Last Exit to Brooklyn
A gallery of Brooklyn's finest and filthiest undergo change (a hooker falls in love with her clients, a union boss discovers he's gay)against an imposing back drop of union corruption, violence and neon lighting.

by Charles Shaar Murray |
Published on
Release Date:

01 Jan 1989

Running Time:

102 minutes



Original Title:

Last Exit to Brooklyn

A full quarter of a century after it became the subject of a celebrated court case centering on the meaning of the term “a tendency to deprave and corrupt”, Hubert Selby Jnr.’s American classic reaches the screen imbued, despite its all-American cast and locations, with a profoundly European sensibility. Producer Bernd Eichinger (The Name Of The Rose, The Never-Ending Story) first worked with Edel on Christiane F, a tale of heroin addiction and youthful despair set in Berlin and best known for its David Bowie score and inordinate length. Scarcely surprisingly, their interpretation of Selby’s vernacular sleaze presents the low-life of 1952 Brooklyn as an exercise in stylised American-retro costume and mannerism. It looks like the first X-rated Levi’s 501 commercial; all quiffs, jeans, Big Suits and reverent recreations of the kind of Edward Hopper neon-diner grunge the commercial-makers dote on.
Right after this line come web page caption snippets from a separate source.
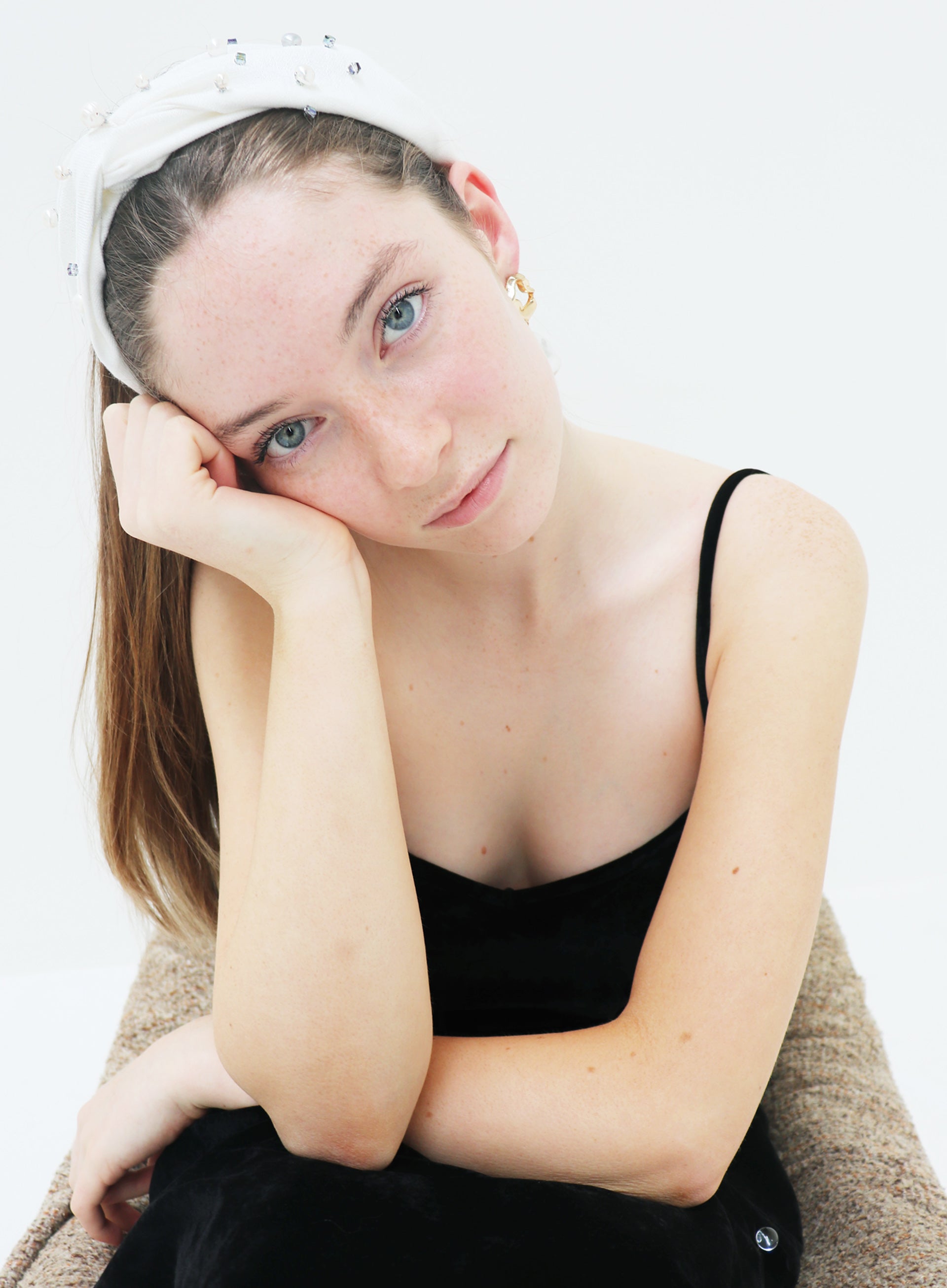 white pearl embellished linen headband headwrap 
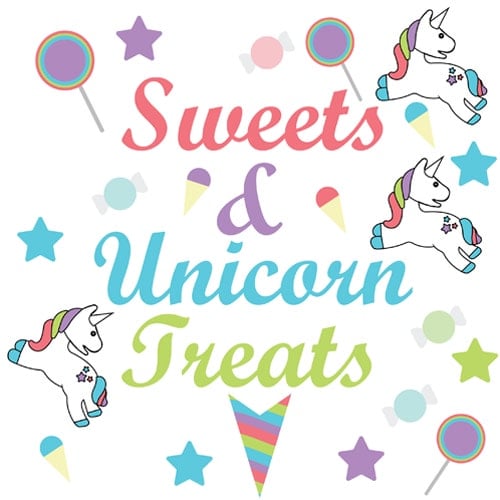 Sweets And Unicorn Treats PVC Party Sign Decoration 20cm x 20cm Product Image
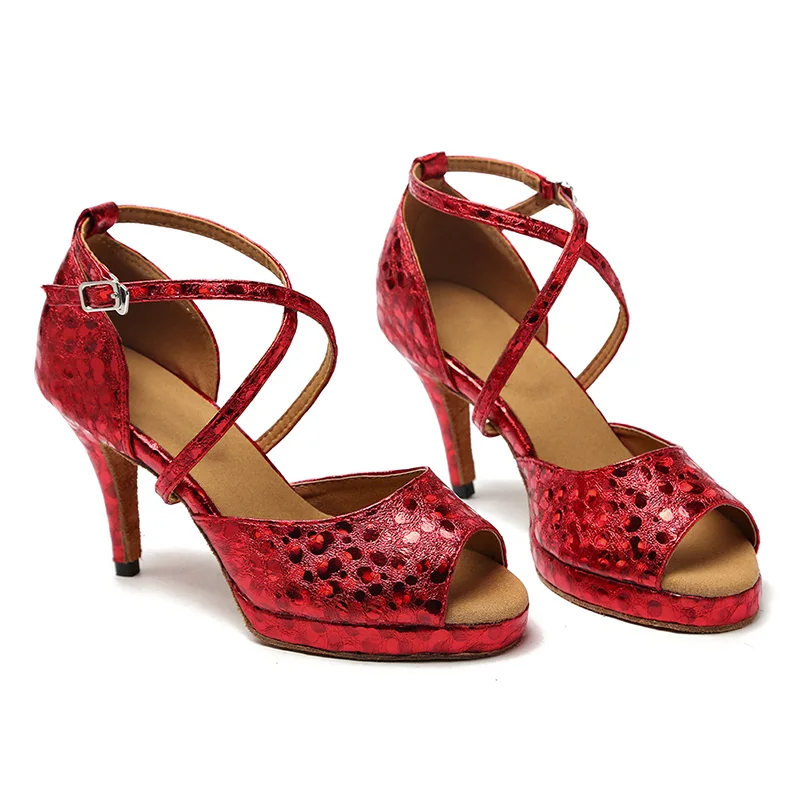 Women's Dance Shoes Latin Thick Sole Salsa Tango Ballroom Dancing Shoes Gold Silver Red Shiny Dance Sandals High Heels Girls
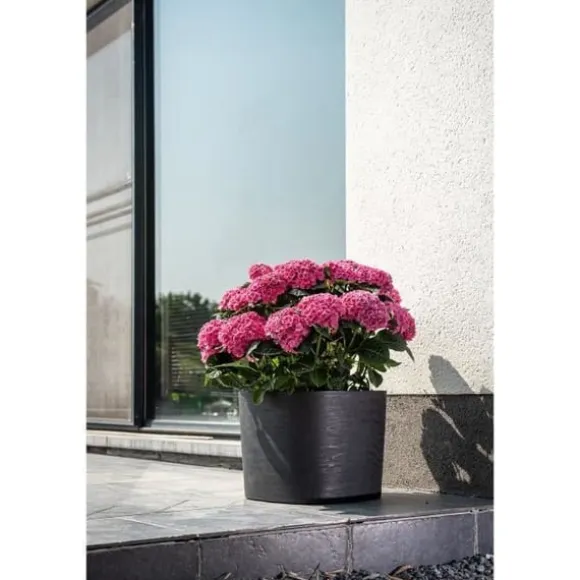 Potte med vandreserve - GARDEN ID Respect - Sort-Ant 20 x 20 cm - 100% husholdningsaffald - 100% genanvendelig - Struktureret overflade.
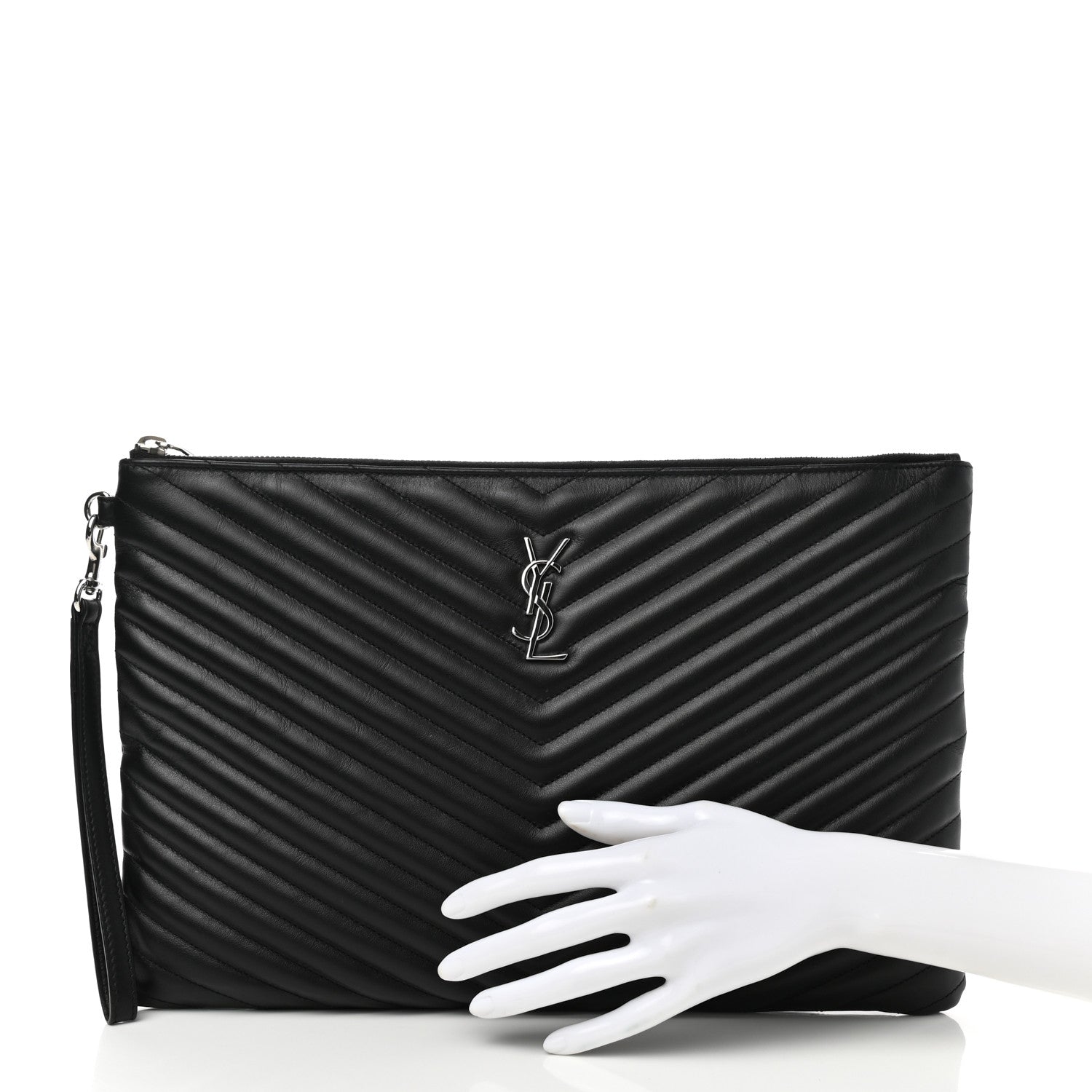 Saint Laurent Calfskin Matelasse Chevron Monogram Document Holder Black 3 of 8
Collapsing Selby’s half-dozen vignettes into a single sustained narrative, Last Exit becomes an ensemble piece with uniformly powerful performances: Jennifer Jason Leigh heists the entire movie as Tralala, the neighbourhood tramp, though Stephen Long’s corrupt closet-case union boss and Alexis Arquette’s tormented drag queen run her close. (Ricki Lake — the delightful star of John Waters’ Hairspray — has a nice cameo which requires her to do little except cry, smile and be pregnant. The script uses great wodges of Selby’s original dialogue but his narrative style can’t be reproduced cinematically, which reduces chunks of the movie to post-Scorsese scenes of Italian-Americans in their underwear yelling at each other, which is no longer a novelty.

So, Last Exit To Brooklyn again proves that great novel do not necessarily make great movies. (Paradoxically, mediocre novels fare better, probably because there is less to compete with. What price Coppola’s Godfather against Puzo’s or De Palma’s Carrie against King’s?)

Impressively staged, powerfully performed and exquisitely designed, Last Exit To Brooklyn attempts to compensate with sheer style what it lacks in content. It comes closer to succeeding than one might have feared; in an era dominated by schlock — and cowardly schlock at that - this is no mean feat.

Despite feeling narratively let off the leash, Last Exit retains the passion of the novel, as well as the switch-blade characterisation.